Data extract: Begin
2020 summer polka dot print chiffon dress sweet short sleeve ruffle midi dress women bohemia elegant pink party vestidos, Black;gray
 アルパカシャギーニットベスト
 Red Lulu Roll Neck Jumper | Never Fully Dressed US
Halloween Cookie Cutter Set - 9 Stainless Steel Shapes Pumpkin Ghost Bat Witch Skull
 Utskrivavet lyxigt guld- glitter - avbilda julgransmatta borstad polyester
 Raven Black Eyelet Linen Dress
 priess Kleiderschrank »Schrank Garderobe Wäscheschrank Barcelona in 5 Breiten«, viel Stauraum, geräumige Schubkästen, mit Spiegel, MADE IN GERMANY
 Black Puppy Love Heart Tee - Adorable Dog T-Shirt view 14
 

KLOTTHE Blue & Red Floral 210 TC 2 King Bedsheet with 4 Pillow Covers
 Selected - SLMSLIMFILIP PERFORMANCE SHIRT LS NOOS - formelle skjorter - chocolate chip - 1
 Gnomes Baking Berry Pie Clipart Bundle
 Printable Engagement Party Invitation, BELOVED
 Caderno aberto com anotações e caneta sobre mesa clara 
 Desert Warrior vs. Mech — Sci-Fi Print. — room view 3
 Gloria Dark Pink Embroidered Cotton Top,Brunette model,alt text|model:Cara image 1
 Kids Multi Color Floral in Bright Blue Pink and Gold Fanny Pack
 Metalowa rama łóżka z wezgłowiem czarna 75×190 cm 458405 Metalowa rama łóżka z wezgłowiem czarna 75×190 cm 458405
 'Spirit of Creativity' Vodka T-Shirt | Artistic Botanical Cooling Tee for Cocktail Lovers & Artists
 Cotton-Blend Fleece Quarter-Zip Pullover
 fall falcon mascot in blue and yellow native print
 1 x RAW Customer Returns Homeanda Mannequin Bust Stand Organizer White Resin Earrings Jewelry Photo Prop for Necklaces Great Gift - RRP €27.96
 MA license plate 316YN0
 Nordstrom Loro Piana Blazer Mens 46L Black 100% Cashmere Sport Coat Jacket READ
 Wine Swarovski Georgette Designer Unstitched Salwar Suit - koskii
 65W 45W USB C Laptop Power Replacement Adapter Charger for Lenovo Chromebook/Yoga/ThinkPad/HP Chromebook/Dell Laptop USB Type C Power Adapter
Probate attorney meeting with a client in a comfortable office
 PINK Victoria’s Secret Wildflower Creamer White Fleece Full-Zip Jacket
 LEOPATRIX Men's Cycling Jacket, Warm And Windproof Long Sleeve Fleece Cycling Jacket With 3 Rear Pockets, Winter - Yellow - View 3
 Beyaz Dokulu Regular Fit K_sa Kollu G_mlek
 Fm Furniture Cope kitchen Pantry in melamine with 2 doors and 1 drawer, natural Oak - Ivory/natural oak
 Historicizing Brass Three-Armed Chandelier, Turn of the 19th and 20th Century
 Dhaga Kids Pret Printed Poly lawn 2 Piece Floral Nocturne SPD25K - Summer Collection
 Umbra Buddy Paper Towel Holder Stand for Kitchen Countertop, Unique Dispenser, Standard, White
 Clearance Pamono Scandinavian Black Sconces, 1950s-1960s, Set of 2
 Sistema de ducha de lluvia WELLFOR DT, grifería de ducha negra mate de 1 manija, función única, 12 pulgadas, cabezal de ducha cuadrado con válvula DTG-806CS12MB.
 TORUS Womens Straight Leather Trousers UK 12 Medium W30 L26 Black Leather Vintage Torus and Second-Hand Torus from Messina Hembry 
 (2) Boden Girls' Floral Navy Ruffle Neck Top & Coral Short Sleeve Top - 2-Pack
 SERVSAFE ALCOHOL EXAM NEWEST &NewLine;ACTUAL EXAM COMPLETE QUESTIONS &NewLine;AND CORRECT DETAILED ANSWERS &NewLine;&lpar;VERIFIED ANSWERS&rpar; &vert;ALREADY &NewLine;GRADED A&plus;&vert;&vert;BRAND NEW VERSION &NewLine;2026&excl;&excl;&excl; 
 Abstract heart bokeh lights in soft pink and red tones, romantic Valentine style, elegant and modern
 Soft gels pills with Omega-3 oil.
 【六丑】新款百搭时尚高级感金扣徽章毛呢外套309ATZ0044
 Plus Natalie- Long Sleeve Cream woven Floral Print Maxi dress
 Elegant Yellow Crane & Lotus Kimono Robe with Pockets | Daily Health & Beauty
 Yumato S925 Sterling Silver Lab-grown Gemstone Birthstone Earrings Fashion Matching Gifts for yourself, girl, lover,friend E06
Data extract: End
• [Exercise]:
Restate word for word only the lines above from the line containing "Historicizing Brass Three-Armed" to the line containing "Abstract heart bokeh", both of them included.

• [Written solution]:
 Historicizing Brass Three-Armed Chandelier, Turn of the 19th and 20th Century
 Dhaga Kids Pret Printed Poly lawn 2 Piece Floral Nocturne SPD25K - Summer Collection
 Umbra Buddy Paper Towel Holder Stand for Kitchen Countertop, Unique Dispenser, Standard, White
 Clearance Pamono Scandinavian Black Sconces, 1950s-1960s, Set of 2
 Sistema de ducha de lluvia WELLFOR DT, grifería de ducha negra mate de 1 manija, función única, 12 pulgadas, cabezal de ducha cuadrado con válvula DTG-806CS12MB.
 TORUS Womens Straight Leather Trousers UK 12 Medium W30 L26 Black Leather Vintage Torus and Second-Hand Torus from Messina Hembry 
 (2) Boden Girls' Floral Navy Ruffle Neck Top & Coral Short Sleeve Top - 2-Pack
 SERVSAFE ALCOHOL EXAM NEWEST &NewLine;ACTUAL EXAM COMPLETE QUESTIONS &NewLine;AND CORRECT DETAILED ANSWERS &NewLine;&lpar;VERIFIED ANSWERS&rpar; &vert;ALREADY &NewLine;GRADED A&plus;&vert;&vert;BRAND NEW VERSION &NewLine;2026&excl;&excl;&excl; 
 Abstract heart bokeh lights in soft pink and red tones, romantic Valentine style, elegant and modern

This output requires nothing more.